● **The data**:
◇ ◇ ◇ ◇
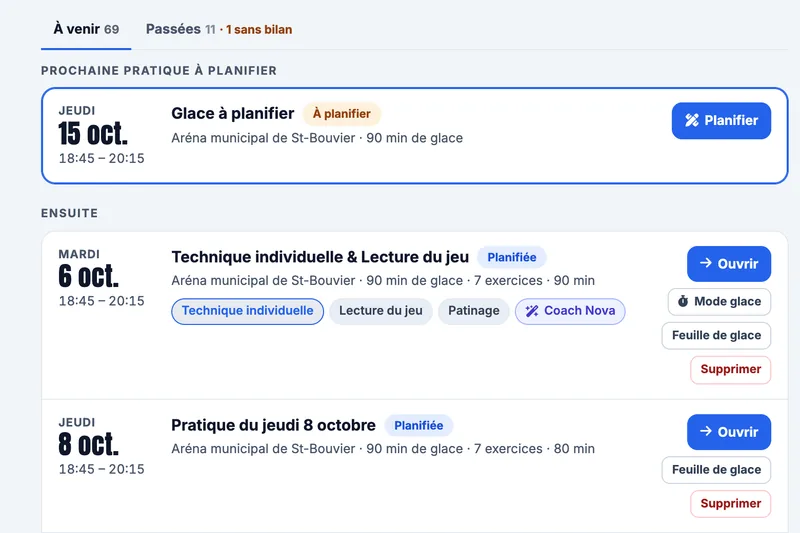 Vue rapprochée de l'agenda des pratiques : prochaine glace à planifier et pratiques planifiées avec leurs thèmes de l'équipe fictive Bouviers de St-Bouvier (M15 AAA)
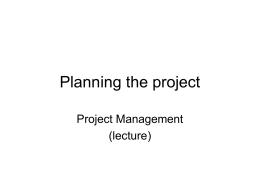 Project planning, WBS, Gantt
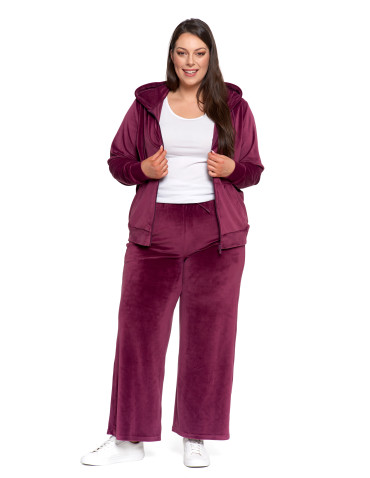 Bluzy - Bluza damska welurowa rozpinana z kapturem i kieszeniami FIOLETOWY - produkt 14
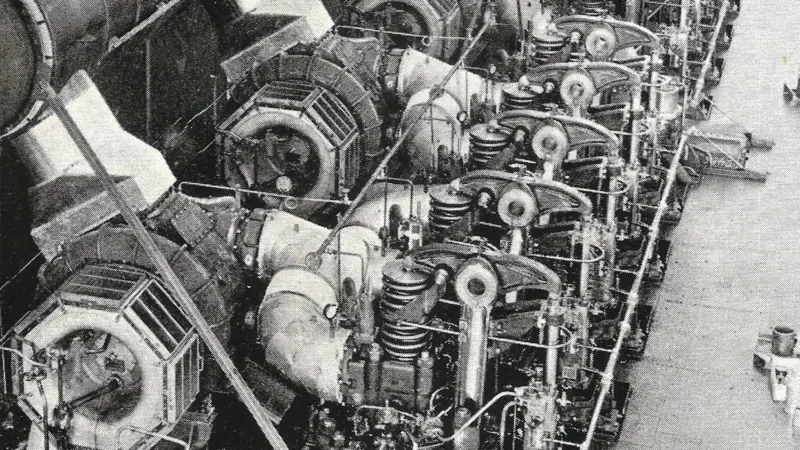 Cylinder top view of B&W 10-cylinder 840mm bore engine on the test bed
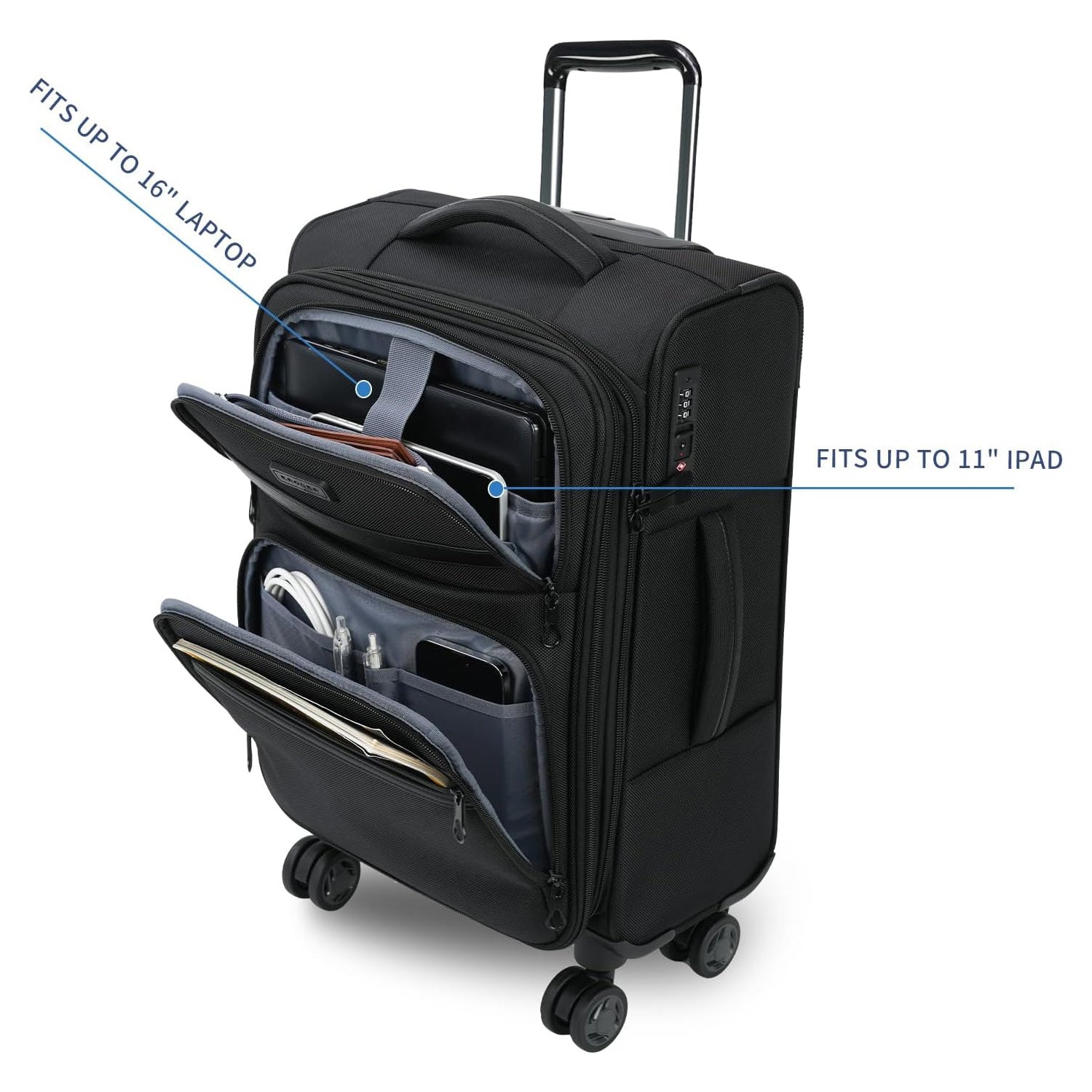 Black softside carry-on with front laptop sleeve and multiple organizer compartments, wheels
◇ ◇ ◇ ◇
● **The problem**: Please reproduce the listing exactly, leaving out any pictures.

● **The answer**:
 Vue rapprochée de l'agenda des pratiques : prochaine glace à planifier et pratiques planifiées avec leurs thèmes de l'équipe fictive Bouviers de St-Bouvier (M15 AAA)
 Project planning, WBS, Gantt
 Bluzy - Bluza damska welurowa rozpinana z kapturem i kieszeniami FIOLETOWY - produkt 14
 Cylinder top view of B&W 10-cylinder 840mm bore engine on the test bed
 Black softside carry-on with front laptop sleeve and multiple organizer compartments, wheels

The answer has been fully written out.